Refleksoterapia to masaż leczniczy zaliczany do metod medycyny alternatywnej. Polega na uciskaniu określonych punktów na skórze stóp, twarzy lub rąk. Celem zabiegu jest pobudzenie krążenia i stymulacja zakończeń nerwowych, co ma wywołać określone efekty zdrowotne.
– Punkty refleksologiczne korespondują z poszczególnymi częściami ciała ludzkiego, narządami wewnętrznymi i gruczołami albo przez układ nerwowy, albo przez tak zwane kanały energetyczne, czyli meridiany. Terapeuta refleksolog patrzy na twarz, na stopy, na ręce, widzi znajdujące się tam mapy i precyzyjnie, z odpowiednią głębokością, w odpowiednim tempie uciska je w rytmiczny sposób, bardzo głęboko, ale nie wywołując bólu – mówi agencji informacyjnej Newseria Lifestyle Beata Sekuła, refleksolog ze Studia Ovo.

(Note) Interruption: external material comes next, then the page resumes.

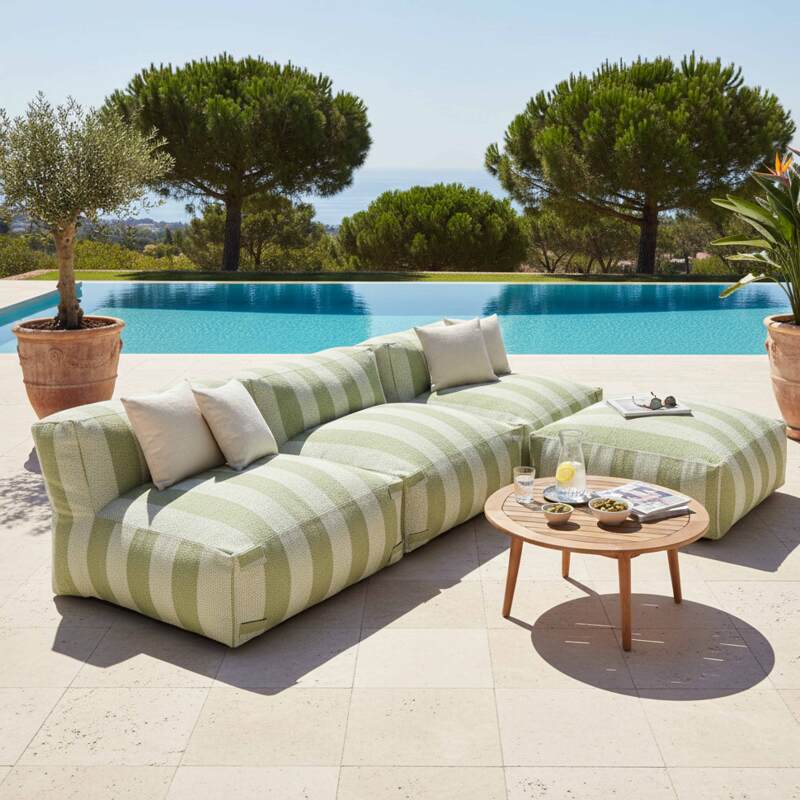 Sofá modular de exterior a rayas para 4 personas con 3 sillones y 1 puf
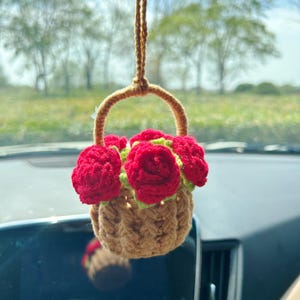 Crochet flower basket car ornaments, car rearview mirror decoration, sunflower, rose, car flower shape, plant lover car ornaments gift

Konwencjonalni lekarze są sceptyczni co do skuteczności refleksoterapii. Kilka badań wykazało jednak, że ta metoda masażu może zmniejszyć dolegliwości bólowe oraz wpłynąć pozytywnie na samopoczucie psychiczne, w tym złagodzić objawy depresji i niepokoju. W niektórych krajach refleksoterapia jest jednym z elementów opieki paliatywnej dla pacjentów cierpiących na raka. Zabieg relaksuje i pomaga przy problemach z zasypianiem.
– Rekomendujemy refleksoterapię jako terapię antystresową, działającą w stanach przemęczenia fizycznego czy psychicznego i w stanach wyczerpania nerwowego. Może być również terapią wspierającą przy wszelkiego typu schorzeniach przewlekłych. Natomiast nie dla wszystkich będzie to antidotum na wszystko – dodaje Beata Sekuła.
Częstotliwość zabiegów ustala terapeuta w zależności od oczekiwań i stanu zdrowia pacjenta. Pojedyncza sesja trwa zwykle od 30 do 60 minut.